Una élite culturale deve sentirsi responsabile della conoscenza e della conservazione delle idee e dei valori più importanti dei classici, del significato delle parole, della nobiltà dei nostri spiriti. Essere elitari, che ha spiegato Goethe, significa essere rispettosi del divino, della natura, degli altri esseri umani, e dunque della nostra umana dignità.” (George Steiner); che si confanno al suo pensiero filosofico, come l’aforisma di Pavel A. Florenskij: “ … le instaurazioni, oltre ogni meccanismo deterministico, non possono e non debbano essere escluse a priori, perché attingono dalla vita e non tanto meno in una Carta Costituzionale che si autodefinisce “democratica”. Qual è i criterio di verità di questa vita? La bellezza”.

In riferimento al limite della libertà, T. Romano, nella sua attenta disamina, a riguardo, asserisce:

“La limitazione della libertà di movimento, pur in presenza di stati di necessità e di eccezione, non può essere normata e disciplina a priori. … La costrizione per decreto è perciò un arbitrio che può, invece, più utilmente trasformarsi in esortazione alla responsabilità propria e al danno che l’irresponsabilità può comportare”.

Ma se la morale è dovere, quindi obbligatorietà, come potrà questa conciliarsi con l’assoluta libertà formale della scelta? La risposta risiede nel concetto di autonomia. 

La differenza tra la libertà e l’autonomia consiste allora, nel fatto che mentre la libertà delle leggi e delle istituzioni rappresenta l’elemento storico, il lato oggettivo, l’autonomia rappresenta quello soggettivo, ovvero la volontà che l’individuo decide di manifestare, nel momento in cui si rende conto di voler uscire dallo stato di minorità che lo contraddistingue.

Allora, etica e diritto si distinguono per la motivazione soggettiva con cui le azioni vengono compiute, cioè per l’intenzione di seguire il dovere indipendentemente dalla coercizione.

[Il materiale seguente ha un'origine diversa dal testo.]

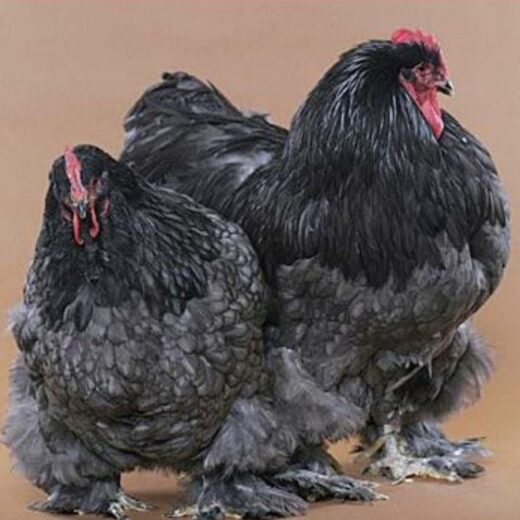 Buy Black Cochin Standard Chicken For Sale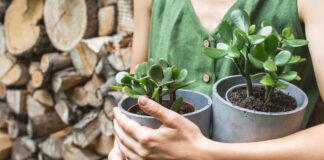 L'albero di giada: Il segreto per una pianta che non muore mai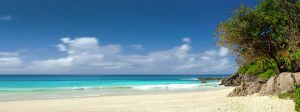Moving to Hallandale Beach to enjoy the ocean
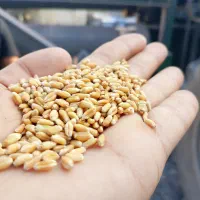 گندم آبی دیم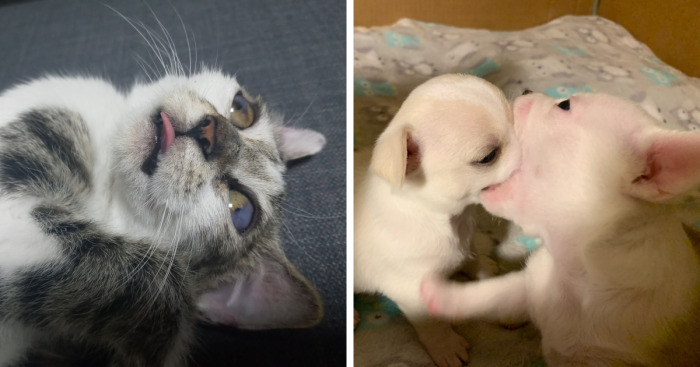 Hey Pandas, Post The Funniest Picture Of Your Pet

Si potrebbe così rileggere la morale kantiana come una percorritrice delle contemporanee etiche della responsabilità.

Il diritto ha un fondamento naturale perché le azioni dell’uomo sono giuste o ingiuste, buone o cattive, in base alla loro conformità o difformità rispetto alla ragione.

Ci si chiede se il diritto sia concepito essenzialmente come positivo o piuttosto come naturale, nel senso di una struttura razionale non necessariamente coincidente con le norme di un ordinamento storicamente vigente.

A riguardo il Nostro taglia netto: “Il Diritto positivo risulta, nell’epoca moderna, una ampollosa articolazione che tutto fa meno che normare autentici diritti e doveri”. “La modernità come ideologia è una visione aprioristica della vita e del mondo”  ed ancora: “Dal mito, nobile culto del Destino, alla filosofia, come amore per la Sapienza in costante e libera ricerca della Verità, siamo giunti nella modernità che si auto frantuma al culto dato dalla doxa, l’opinione, eretta a pseudo sondaggio specie dai media, il criterio di giudizio e di decisione, in ossequio alla volontà di pochi che ipnotizzano le maggioranze …”

Allora, affinché l’ordinamento giuridico riesca ad assicurare il rispetto dei diritti da parte di tutti i consociati, è necessario che dall’unione del diritto naturale con la ragione, si ottenga la trasformazione in un diritto pubblico, capace di imporsi con la forza della legge positiva. Però:

“Un realismo aperto non livella per imposizione statalista, sostiene la libera intrapresa del singolo per sé e, quindi, di conseguenza, per il benessere comune, si apre al confronto e allo scambio con altri soggetti che vivono nelle diverse società, senza per questo livellare e oscurare la propria originaria identità che, semmai, può migliorare …”. “Ogni società è sempre complessa e mai può essere definita semplice, elementare perché è un microcosmo prezioso nel cosmo dell’infinito.”

Tommaso Romano, nella sua significativa opera, fa riflettere sul mondo che ci circonda, sulla libertà e i suoi limiti, sulle strutture che ci governano ed altresì sul destino dell’uomo e sul valore della cultura.